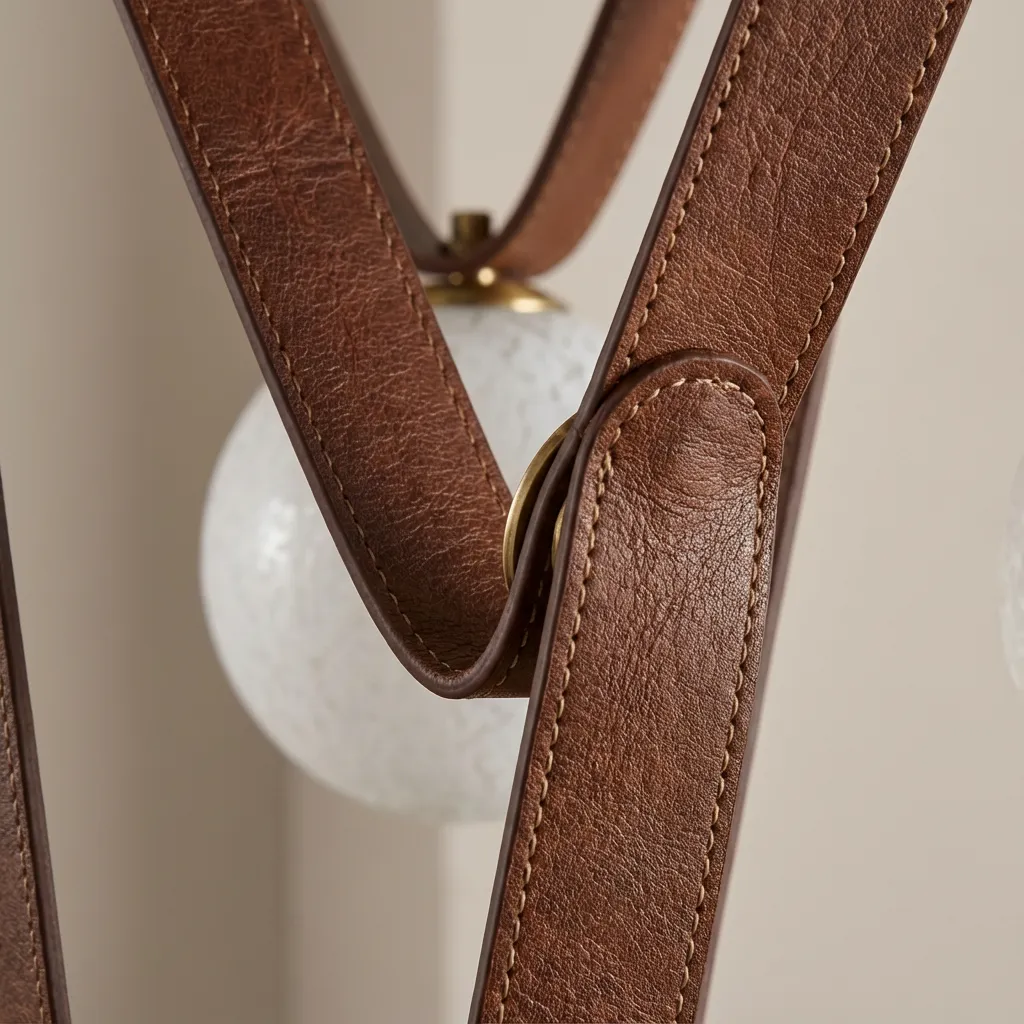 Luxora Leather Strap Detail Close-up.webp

......

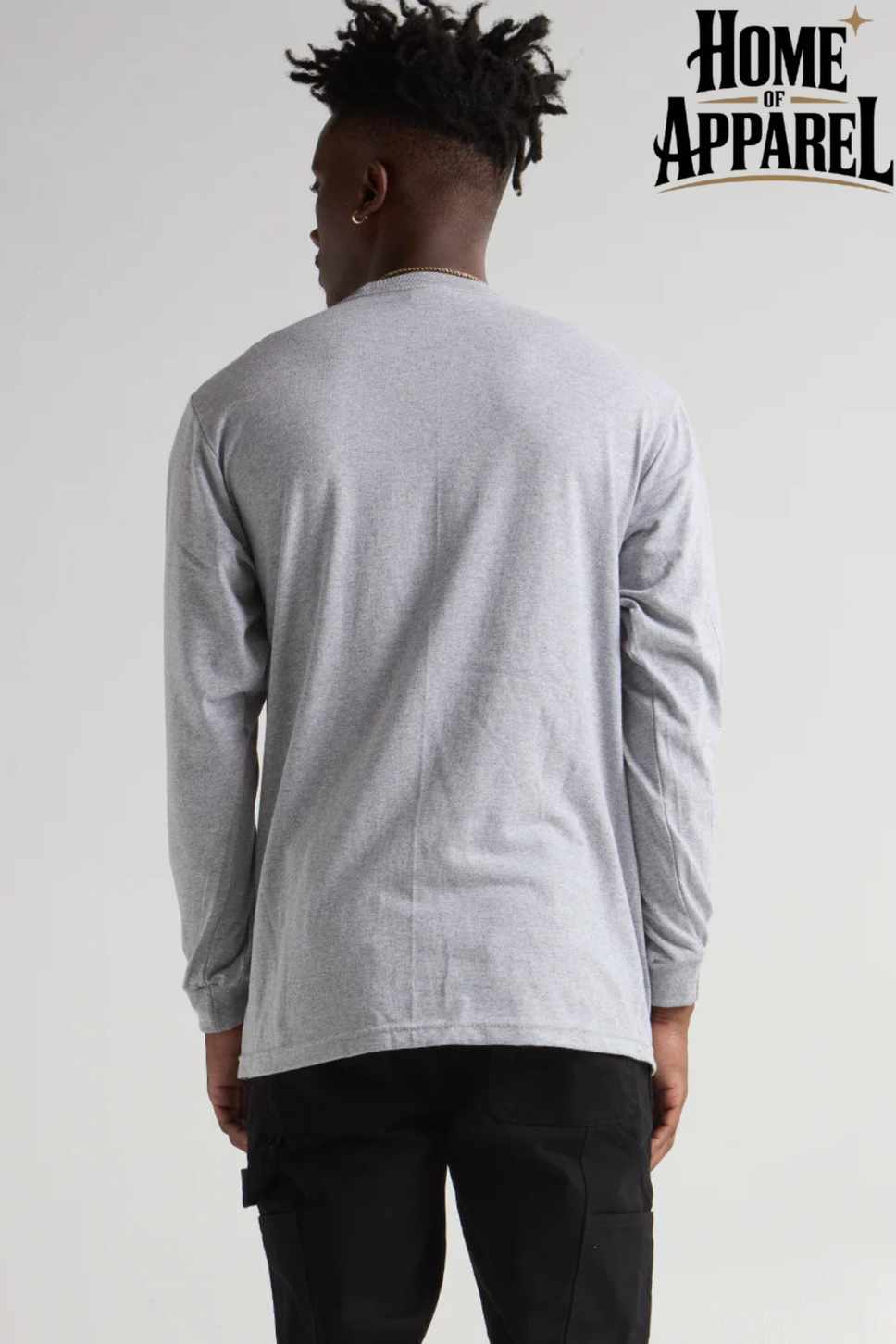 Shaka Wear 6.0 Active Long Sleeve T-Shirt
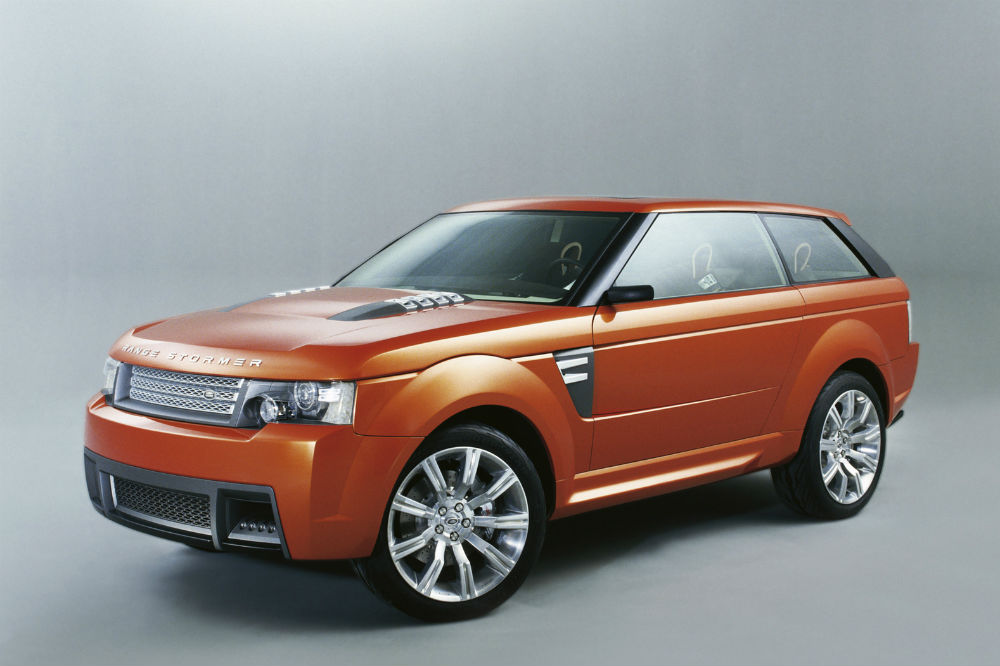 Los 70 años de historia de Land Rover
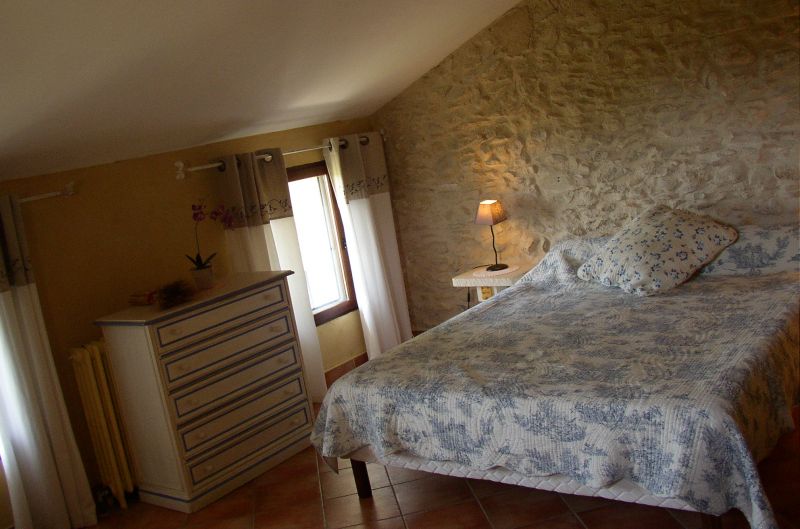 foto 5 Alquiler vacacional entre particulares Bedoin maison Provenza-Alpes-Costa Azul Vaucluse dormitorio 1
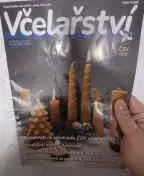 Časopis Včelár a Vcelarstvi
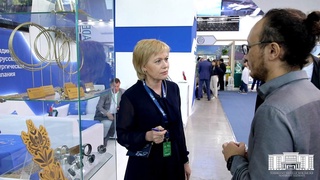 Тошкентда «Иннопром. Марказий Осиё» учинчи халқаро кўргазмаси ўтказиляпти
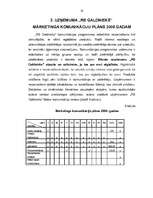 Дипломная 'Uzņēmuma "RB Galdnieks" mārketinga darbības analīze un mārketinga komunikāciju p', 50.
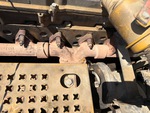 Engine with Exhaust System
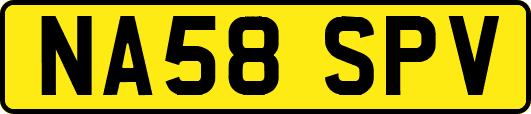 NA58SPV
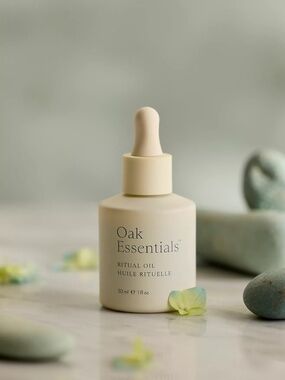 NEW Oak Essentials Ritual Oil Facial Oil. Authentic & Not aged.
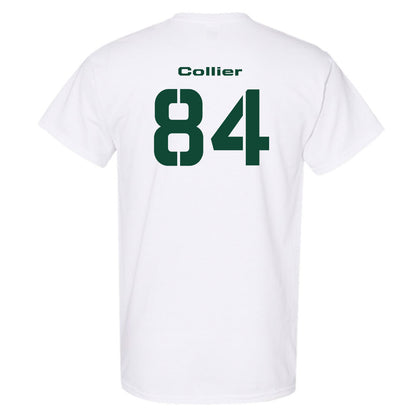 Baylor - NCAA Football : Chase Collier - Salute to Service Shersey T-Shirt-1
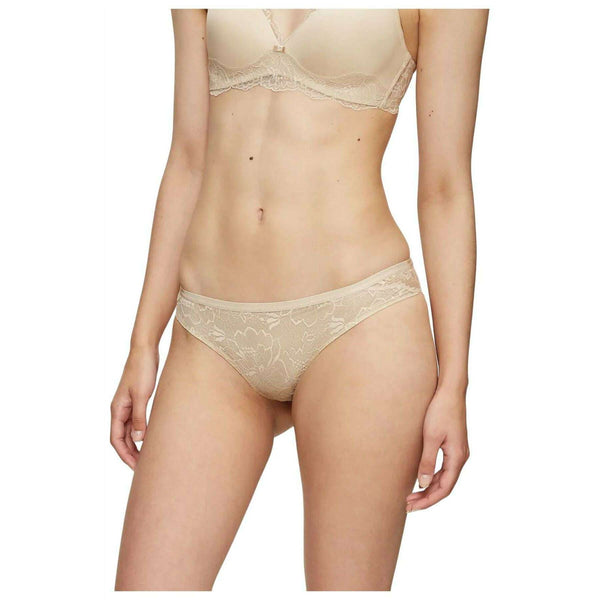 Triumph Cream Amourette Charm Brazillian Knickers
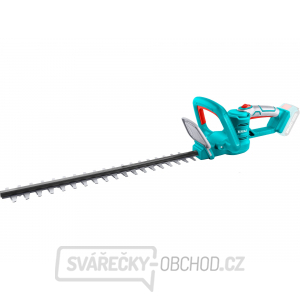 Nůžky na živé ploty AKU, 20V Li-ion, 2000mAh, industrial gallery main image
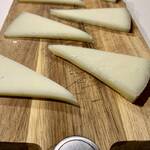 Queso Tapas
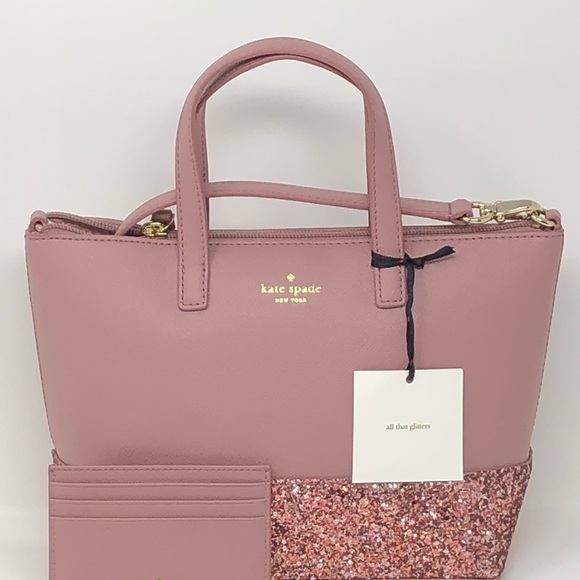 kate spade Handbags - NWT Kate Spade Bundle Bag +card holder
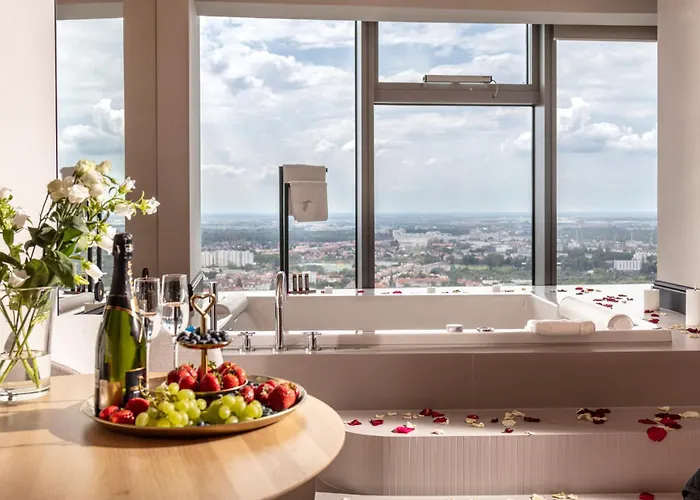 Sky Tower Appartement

......

THE TASK:
In the entries above, find the line that contains "foto 5 Alquiler" and the line that contains "Engine with Exhaust System". Reproduce exactly those two lines and every line between them, but not the pictures.

ANSWER BOX:
 foto 5 Alquiler vacacional entre particulares Bedoin maison Provenza-Alpes-Costa Azul Vaucluse dormitorio 1
 Časopis Včelár a Vcelarstvi
 Тошкентда «Иннопром. Марказий Осиё» учинчи халқаро кўргазмаси ўтказиляпти
 Дипломная 'Uzņēmuma "RB Galdnieks" mārketinga darbības analīze un mārketinga komunikāciju p', 50.
 Engine with Exhaust System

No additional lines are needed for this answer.